Reverse engineering summarised data
Or how to make a proper fact table with what you have...
Those who use Power BI, Analysis Services, or any other data modelling tool that uses DAX, will know that most of the time you will be taking very detailed data and in one way or another turning it into useful summarised data, as such is why we use reporting or dashboarding tools.
In most cases the source data you will have is relatively detailed, making it easy to create a data set that can be sliced by a particular data range, or a chosen dimension. But what do you do when the data you get isn’t detailed enough? I was presented with one such predicament. The user wanted to be able to add summarised budget data alongside detailed data into their data set, and then be able to slice by varying periods. The only problem was the way the data was available.
Usually, at the very least, for budget data you would be provided with a transaction per month. As you can see from the same data above, the data was provided as a single row (per customer and role) with a start and end date and then a budget for that date range. This didn’t lend itself to being able to produce a data set that would be useful to the user and their report or dashboard. I needed to somehow break the data down into useful chunks.
The reporting solution I’m using here is Power BI, but because I’m using DAX, the principle could be applied to Excel (using the data modelling functionality) or Analysis Services Tabular.
There are three logical steps needed to get down to the detailed level.
Step 1. After I’ve imported my budget data which for this, we will call BudgetTable, I need to calculate how many days there are between the start date and end date. That is, calculate the duration of each budget line. Create a new calculated column in your imported table.
Duration := ( [Roll End Date] - [Roll Start Date] ) + 1
That step is pretty straight forward. Due to the way the date field is stored as a datetime, with 0:00 as the time, the Roll End Date wasn’t being counted as a full day, so I forced an extra day on their which is why there’s a + 1 at the end of that formula.
Step 2. You’ve worked out the duration, you can now convert that into a daily budget as a new calculated column. For the sake of simplicity I’m taking the full duration calculated in the previous step. You may want to remove weekends or public holidays from your duration to work out a true number of working days, which could be achieved with a good date dimension table.
DailyBudget := [Budget] / [Duration]
Step 3. Now that we have the more data that wasn’t in our imported data, we need to create a whole new calculated table based on this data that’s been imported and created (with the two calculated columns). The following assumes you’ve already got a date dimension or calendar table of some sort that has each date. It won’t work without one.
Then I’m going to use the Generate function in my table. The generate function creates a table with the Cartesian product between two sets of data. In this scenario, I want to create a table that gives me an entry for every instance of customer and role from the budget table, and individual date from the calendar/date table, but only within the confines of the date range of each budget start/end date.
Clear as mud, right?
So now I create a new table with the following DAX code.
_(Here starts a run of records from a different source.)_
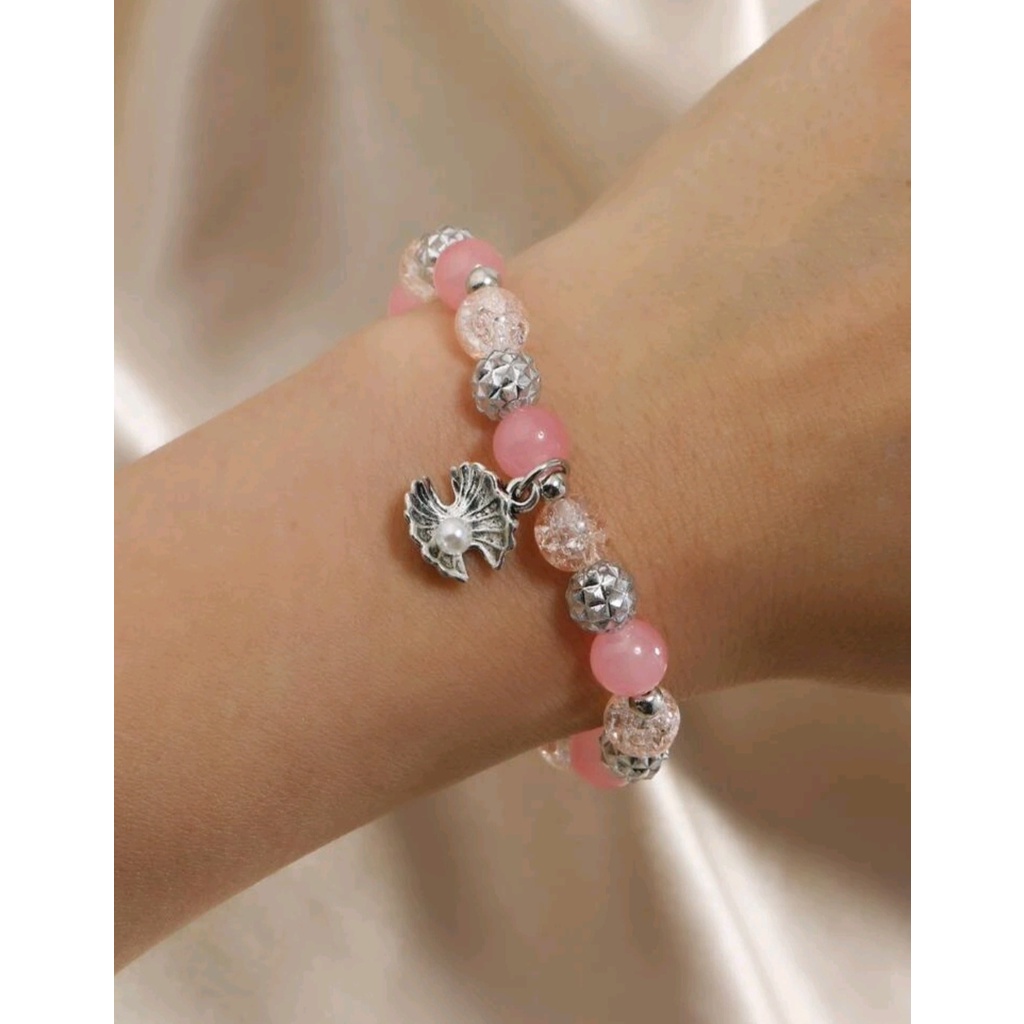 กำไลข้อมือแฟชั่น-กำไลข้อมือจี้หอยเชลล์-น่ารักๆ-shell-amp-pearl-charm-bracelet-ส่งจากไทย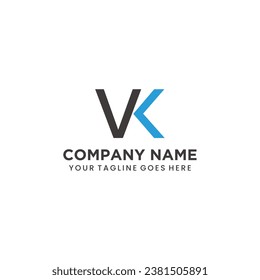 Initial logo design letter VK simple concept vector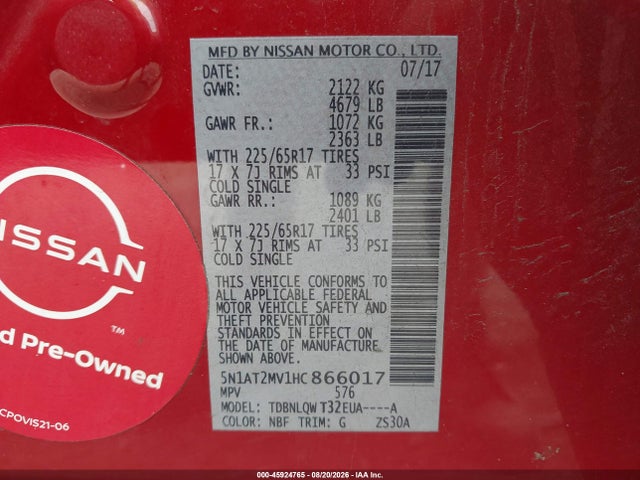 Продажа на аукционе авто 2017 Nissan Rogue Sv, vin: 5N1AT2MV1HC866017, номер лота: 45924765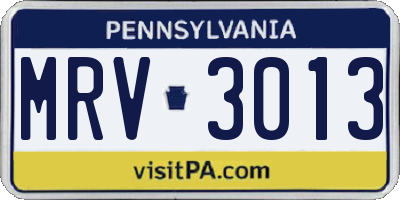 PA license plate MRV3013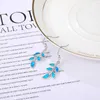 Lustre de Dangle 2021 Conciso FOTHA DE MATHERAÇÃO Folha de oliveira 925 Sterling Silver Blue Synthetic Brincos Opal para Mulheres Presente Wholesal7031196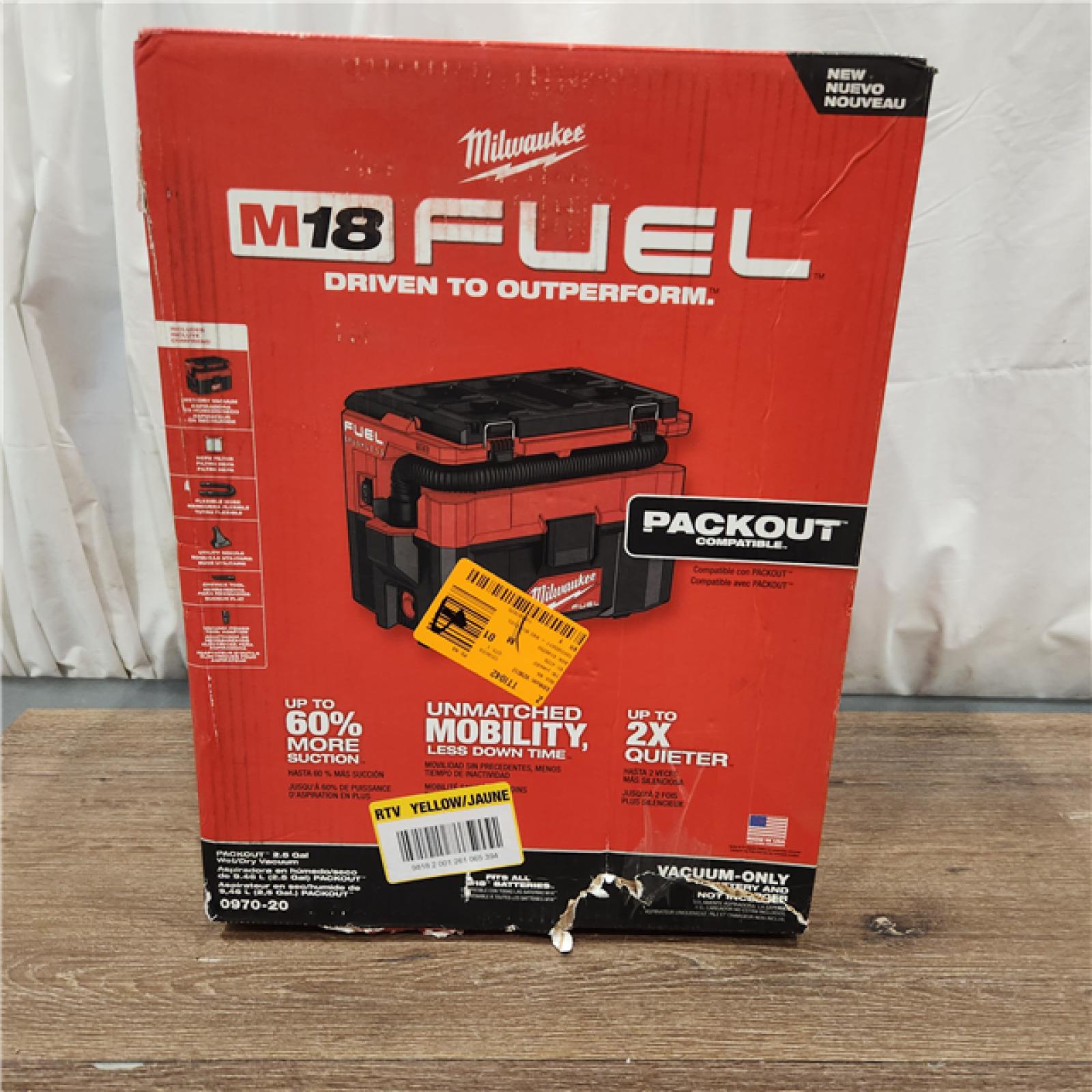 AS-IS M18 FUEL PACKOUT 18-Volt Lithium-Ion Cordless 2.5 Gal. Wet/Dry Vacuum (Vacuum-Only)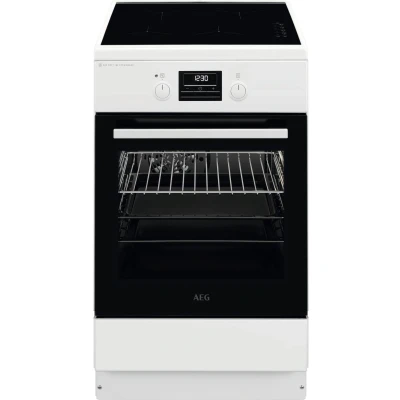 Abbildung von AEG Standherd mit Induktions Kochfeld 50 cm / SteamBake Feuchtigkeitszugabe AirFry Rost Grill A Versenkknebel Display Uhr 2 Paar Teleskopschienen Weiß CIB56494BW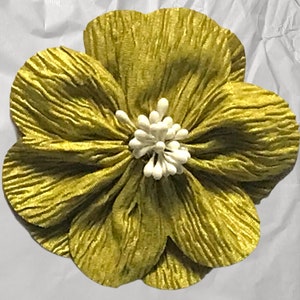 Magnetic Flower Pin Fabric Flower Pin Flower Brooch  Soft Mustard Yellow with stamen center Magnetic Hold 3.5” Pinless Posies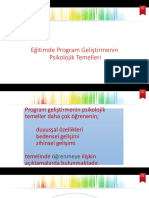 Program Geliştirmenin Psikolojik Temelleri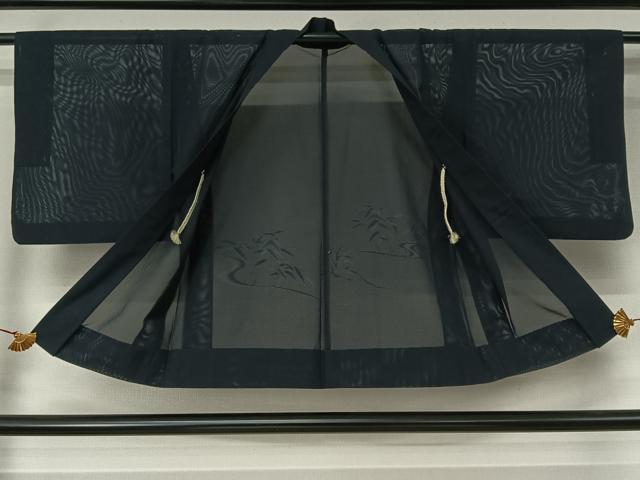 平和屋着物▽羽織 スリーシーズン 春夏秋 塵除け 流水草葉文 正絹 逸品 AABJ6083jh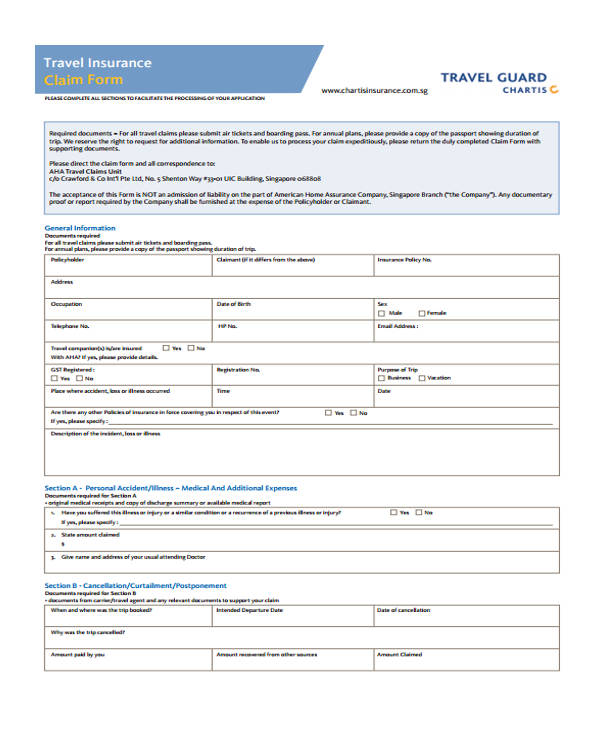 FREE 38+ Travel Forms in PDF Excel MS Word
NewBudgetData := SELECTCOLUMNS ( GENERATE ( BudgetTable, FILTER ( ALLNOBLANKROW ( 'Calendar' ), AND ( 'Calendar'[Date] >= BudgetTable[Role Start Date], 'Calendar'[Date] <= BudgetTable[Role End Date] ) ) ), "Date", 'Calendar'[Date], "Customer", BudgetTable[Customer Name], "Role", BudgetTable[Role], "Budget", BudgetTable[DailyBudget] )
I can then hide the original BudgetTable and the report can be based on the NewBudgetData table which will have the required detail to filter to a particular day, week, month, or whatever date range you require.